Hello, we are trying to determine if it is better ...
# community-help
v
Hello, we are trying to determine if it is better to denormalize our collections to avoid doing a two-stage search or if we should keep the collections in typesense normalized. The trade-off is between record size and performance. What if we self-hosted, will the performance issue be mitigated? Are there any other considerations we are missing?
j
In general storing data in a denormalized way is more performant in Typesense. We only store a given field's value once in the index, so it is very memory efficient especially if you have repeated values in your docs. re: self-hosted vs Cloud, performance-wise there should be no difference. In fact we run the same open source version of Typesense to power Typesense Cloud.
v
Thanks @Jason Bosco - this helps regarding how to build our collections! The performance issue I was referring to is to do with latency rather than of Typesense Cloud
j
Typesense Cloud has a presence in 20 geo regions, and coupled with the Search Delivery Network feature, you should be able to get pretty low latencies, especially if you're sending queries directly from the browser/app to Typesense. If you're sending queries from your frontend to your backend and then to Typesense, then running Typesense in the same network as your backend will have the lowest latency. You could pick a region that's closest to your backend, and that will add may be 10-20ms of latency.

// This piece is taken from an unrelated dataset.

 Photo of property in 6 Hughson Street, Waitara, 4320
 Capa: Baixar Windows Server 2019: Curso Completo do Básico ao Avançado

This is just network latency btw. Search (CPU) processing time will be identical
v
Thank you - this helps! Where can I get some documentation on
Copy code
we only store a given field's value once in the index
j
That particular part is not documented anywhere, but it's essentially an inverted index data structure: https://en.wikipedia.org/wiki/Inverted_index
v
Thank you Jason! Appreciate your quick help on this!
j
Happy to help!